STUDY MATERIAL section start

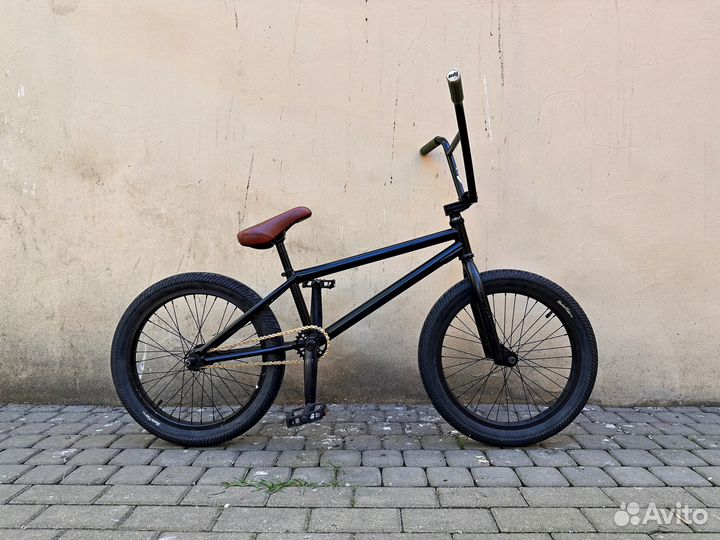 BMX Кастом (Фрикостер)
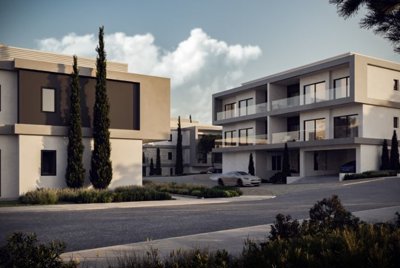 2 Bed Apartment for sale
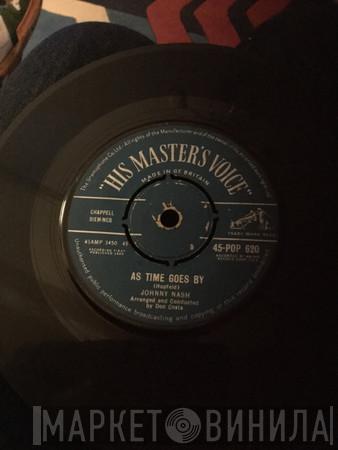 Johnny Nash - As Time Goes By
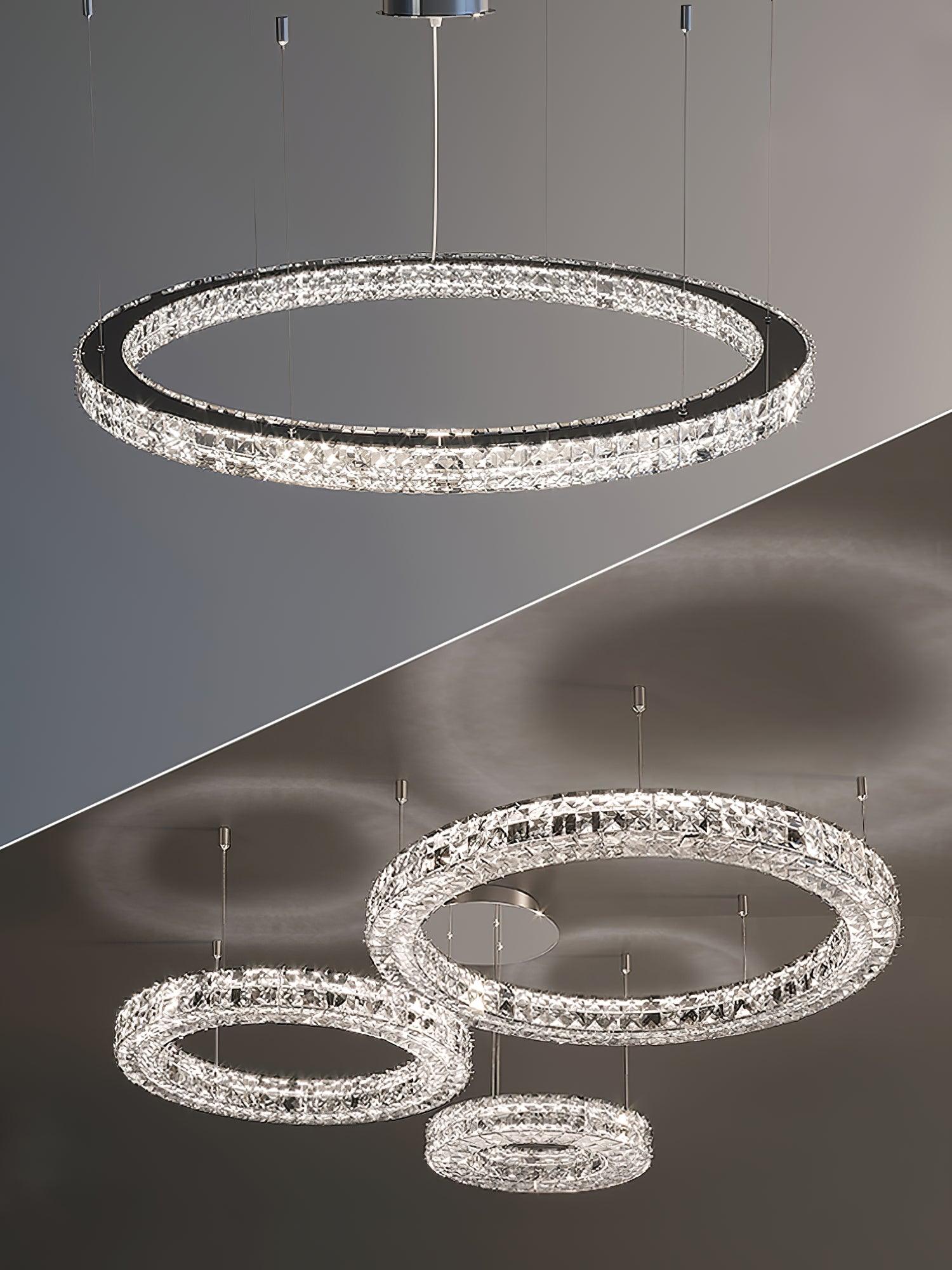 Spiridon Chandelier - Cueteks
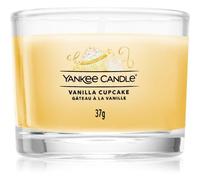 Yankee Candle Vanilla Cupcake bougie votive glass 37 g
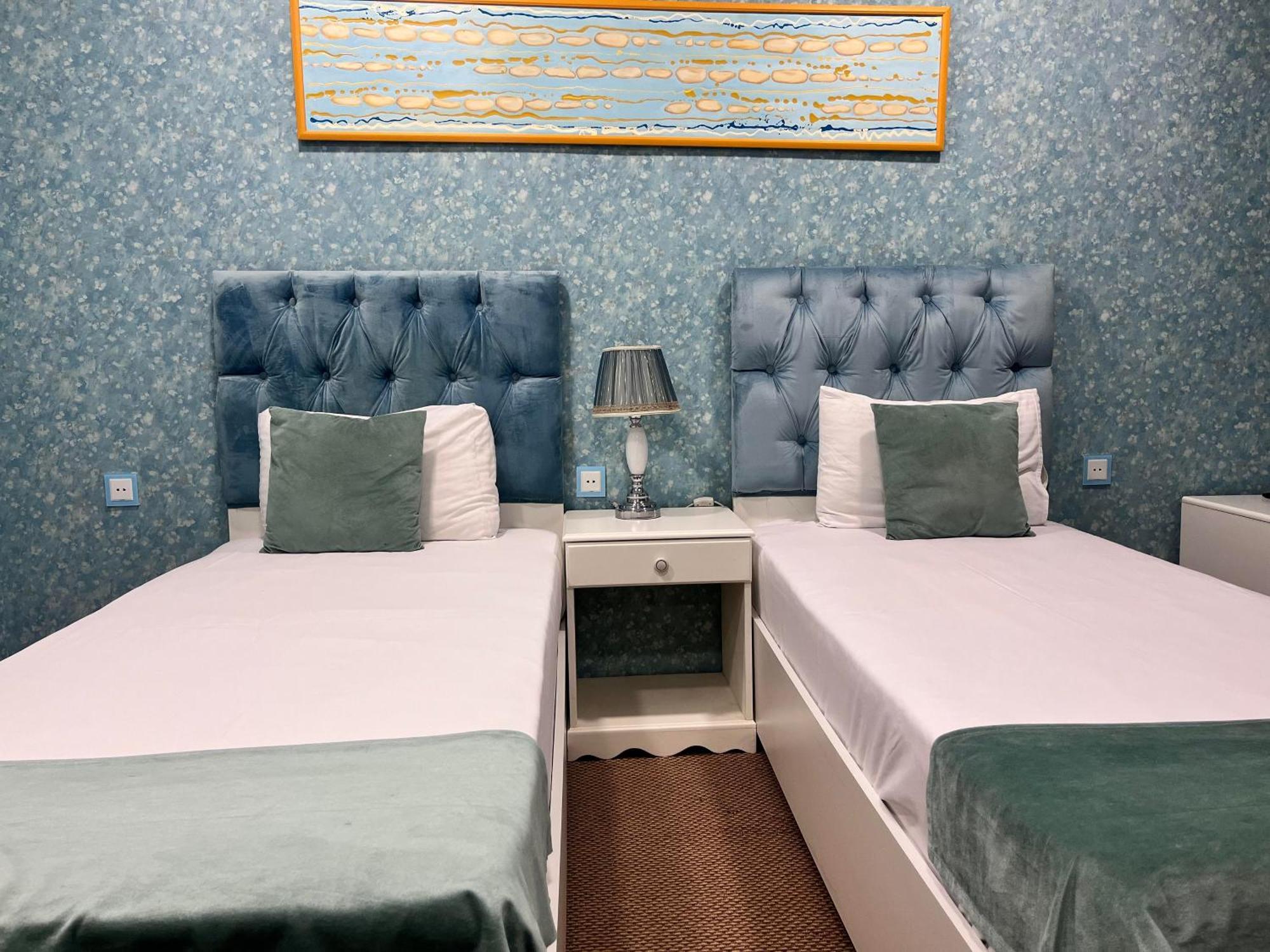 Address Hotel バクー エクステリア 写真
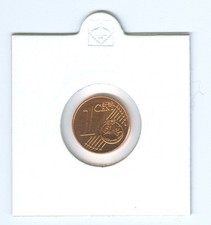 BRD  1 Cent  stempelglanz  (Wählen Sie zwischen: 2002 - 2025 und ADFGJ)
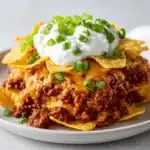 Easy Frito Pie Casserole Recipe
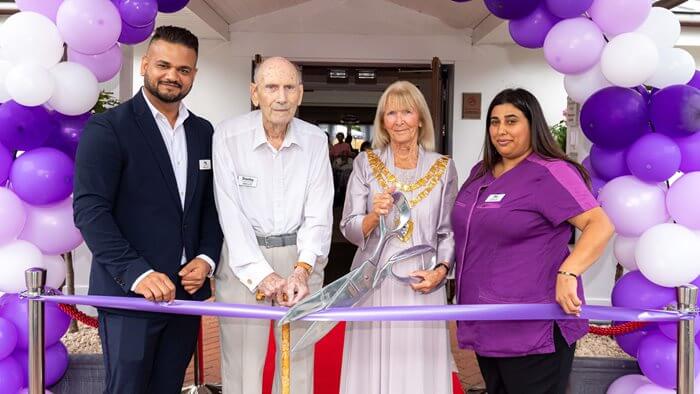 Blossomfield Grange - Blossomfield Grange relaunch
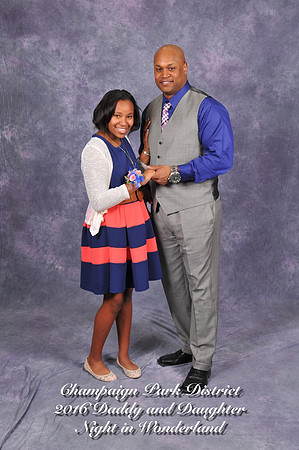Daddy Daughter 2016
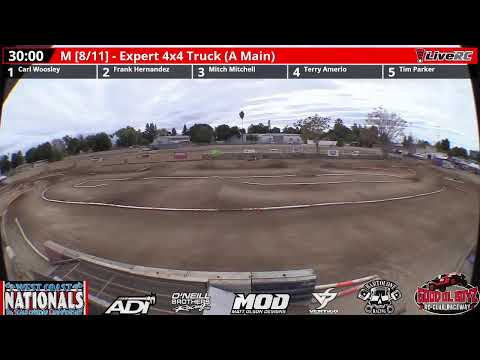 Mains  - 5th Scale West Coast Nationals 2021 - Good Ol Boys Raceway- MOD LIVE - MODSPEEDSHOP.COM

STUDY MATERIAL section end
STUDY MATERIAL section start

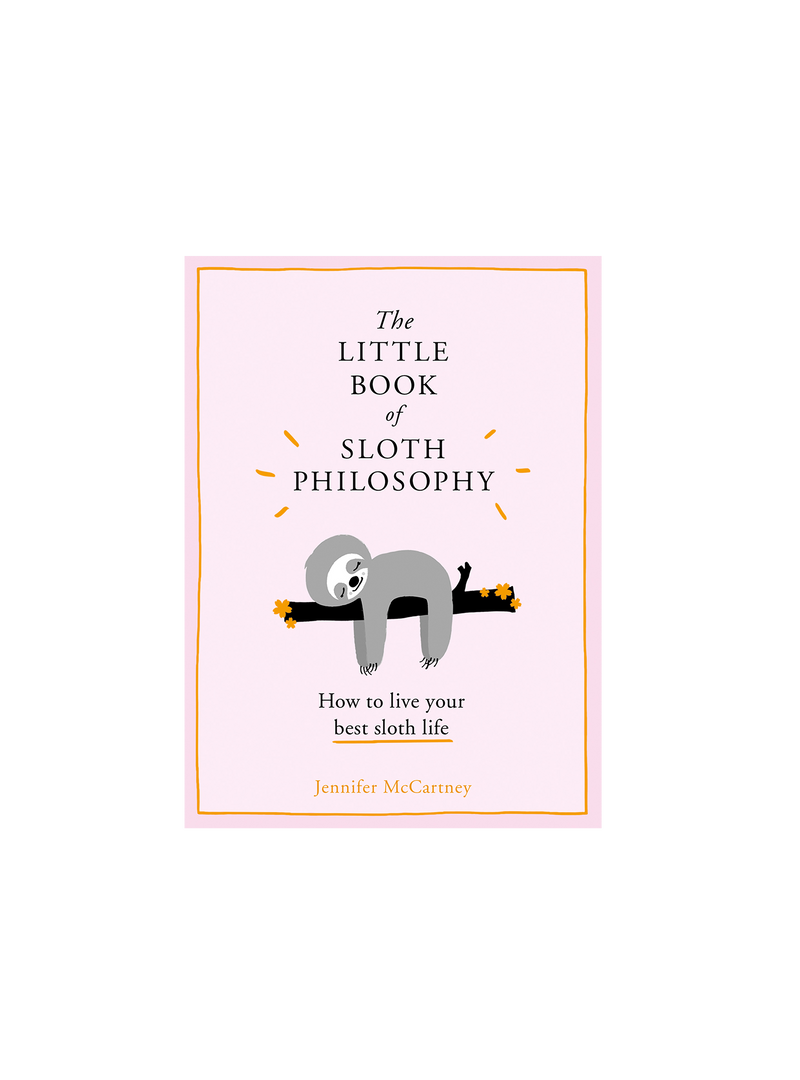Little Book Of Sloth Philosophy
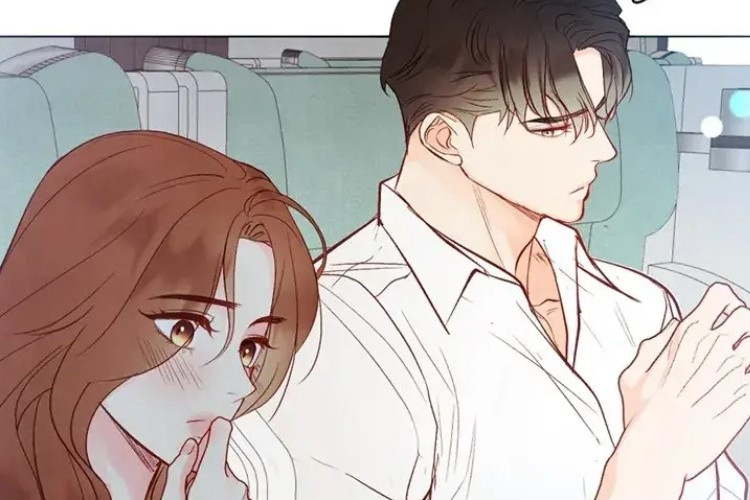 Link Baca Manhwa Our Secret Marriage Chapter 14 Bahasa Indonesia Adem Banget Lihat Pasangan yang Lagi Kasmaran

STUDY MATERIAL section end

- _TASK GOAL_
All lines above from the one containing "BMX Кастом (Фрикостер)" up to and including the one containing "LIVE - MODSPEEDSHOP.COM" are to be set down exactly, and nothing else. Leave images out.

- _RESULT FOR THIS TASK_
 BMX Кастом (Фрикостер)
 2 Bed Apartment for sale
 Johnny Nash - As Time Goes By
 Spiridon Chandelier - Cueteks
 Yankee Candle Vanilla Cupcake bougie votive glass 37 g
 Address Hotel バクー エクステリア 写真
 BRD  1 Cent  stempelglanz  (Wählen Sie zwischen: 2002 - 2025 und ADFGJ)
 Easy Frito Pie Casserole Recipe
 Blossomfield Grange - Blossomfield Grange relaunch
Daddy Daughter 2016
 Mains  - 5th Scale West Coast Nationals 2021 - Good Ol Boys Raceway- MOD LIVE - MODSPEEDSHOP.COM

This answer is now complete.